A vrai dire, les établissements primaires privés forcent actuellement l'admiration et les maîtres, eux-mêmes, clament leur satisfaction. «Je travaille, insiste un enseignant dans une école de base, dans des conditions favorables puisque le nombre d'élèves dans une classe ne dépasse pas la vingtaine et l'administration ne lésine pas sur les moyens pour fournir tous les supports pédagogiques susceptibles de faciliter l'apprentissage», conclut notre vis-à-vis.
Une mentalité affairiste
Concernant les écoles libres du secondaire, si quelques institutions émergent du lot, la plupart, malheureusement, dispensent un enseignement au rabais et dégagent une atmosphère délétère qui s'aggrave au fil des années. L'aspect social de l'établissement éducationnel a été relégué au second plan par certains directeurs dont le souci permanent est devenu l'enrichissement immédiat.
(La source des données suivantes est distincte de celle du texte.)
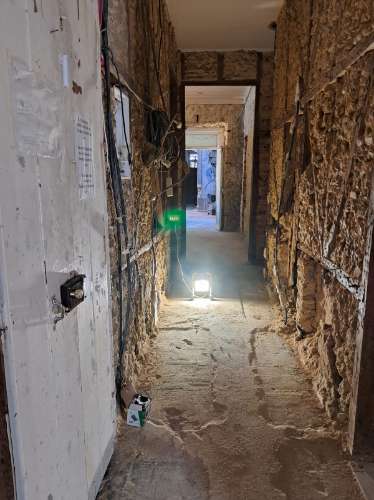 Venda conjunta de 2 apartamentos e loja no Seixal.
Le projet est de nos jours ouvertement commercial puisque la plupart des promoteurs des écoles privées du secondaire rechignent à engager des professeurs réputés compétents et coûteux préférant, au risque de léser les élèves, s'adresser à des étudiants en phase finale de leur cursus universitaire. «Ceux-ci, nous dit un enseignant proche de la retraite, ne sont pas en mesure de négocier convenablement leurs honoraires car l'essentiel pour eux est de financer leurs études».
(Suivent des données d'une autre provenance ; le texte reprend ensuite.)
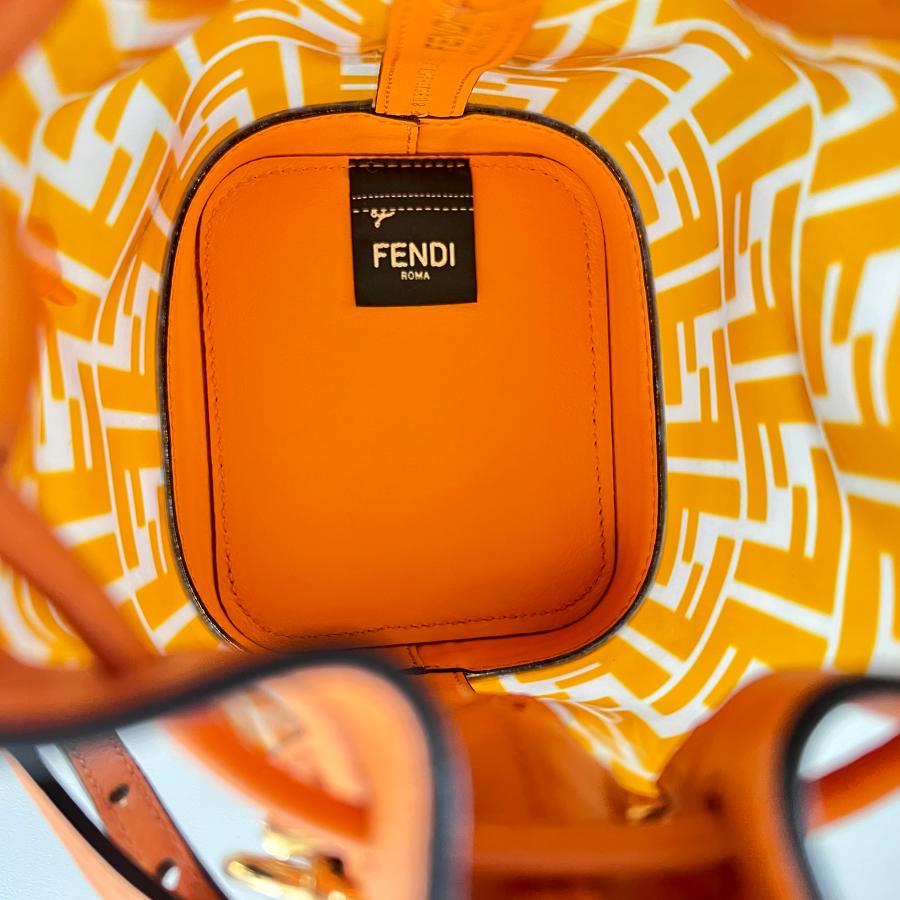 FENDI（フェンディ） モントレゾール PVC ビニール ショルダーバッグ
Pour des raisons purement pécuniaires, les établissements désireux d'installer une discipline rigoureuse sont pénalisés lorsque les écoles concurrentes récupèrent les élèves renvoyés en raison de leur niveau ou d'une entorse aux règlements. «C'est là où la Chambre nationale de l'enseignement privé se doit d'intervenir pour imposer une concertation commune à tous chefs d'établissement et rétablir la déontologie du métier», nous dit un ancien directeur.
Une situation à assainir
Pour réhabiliter les institutions privées du secondaire, les directeurs doivent tout d'abord sélectionner leur clientèle, renouveler l'équipement vétuste et réinstaller le souci pédagogique au cur de l'entreprise éducative. Si l'infrastructure -laboratoire, terrain de sport, cadre spatial- laisse à désirer, les élèves et le cadre enseignant seront constamment démotivés, ce qui entame, bien entendu, le crédit de l'école et sa raison d'être. «L'atmosphère au sein de l'établissement, insiste un responsable d'un des lycées privés les plus prisés de la capitale, doit être sereine et les rapports avec les collègues enseignants fondés sur le respect mutuel dénués de tout esprit marchand».
Il est tout à fait clair que la tâche des promoteurs des écoles primaires est facilitée par tout un contexte sociologique ; les familles ont choisi volontairement ces institutions alors qu'au secondaire, la clientèle est rescapée des lycées publics dont le niveau d'encadrement pédagogique et disciplinaire demeure satisfaisant en comparaison avec ceux du secteur privé. Cela dit, pour assainir la situation, les pouvoirs publics doivent revoir les cahiers de charges fixant les règles de création et de fonctionnement des établissements privés afin de réinsérer l'aspect pédagogique au sein d'un projet dont l'objectif ultime demeure la promotion de l'espoir chez les jeunes générations.